_Your objective_
Restate verbatim the span of lines below between the line with "BLISS START BLISS" and the line with "Discover Dungeons And", including those two lines, and only that span.

_Dataset content_
# # #

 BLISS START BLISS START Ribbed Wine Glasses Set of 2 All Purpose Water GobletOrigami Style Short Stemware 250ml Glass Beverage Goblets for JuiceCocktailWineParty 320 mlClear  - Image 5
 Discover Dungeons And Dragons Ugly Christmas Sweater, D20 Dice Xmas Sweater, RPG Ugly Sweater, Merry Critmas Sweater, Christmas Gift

# # #

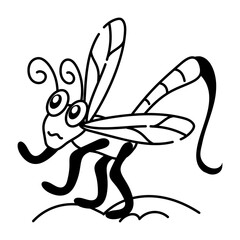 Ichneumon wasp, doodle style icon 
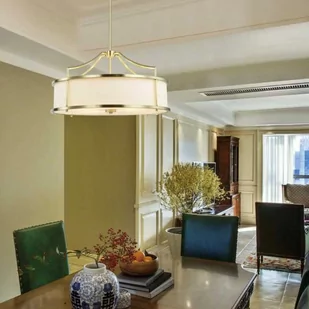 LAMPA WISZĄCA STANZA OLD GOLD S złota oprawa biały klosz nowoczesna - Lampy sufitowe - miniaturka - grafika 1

# # #

_Task response_
 BLISS START BLISS START Ribbed Wine Glasses Set of 2 All Purpose Water GobletOrigami Style Short Stemware 250ml Glass Beverage Goblets for JuiceCocktailWineParty 320 mlClear  - Image 5
 Discover Dungeons And Dragons Ugly Christmas Sweater, D20 Dice Xmas Sweater, RPG Ugly Sweater, Merry Critmas Sweater, Christmas Gift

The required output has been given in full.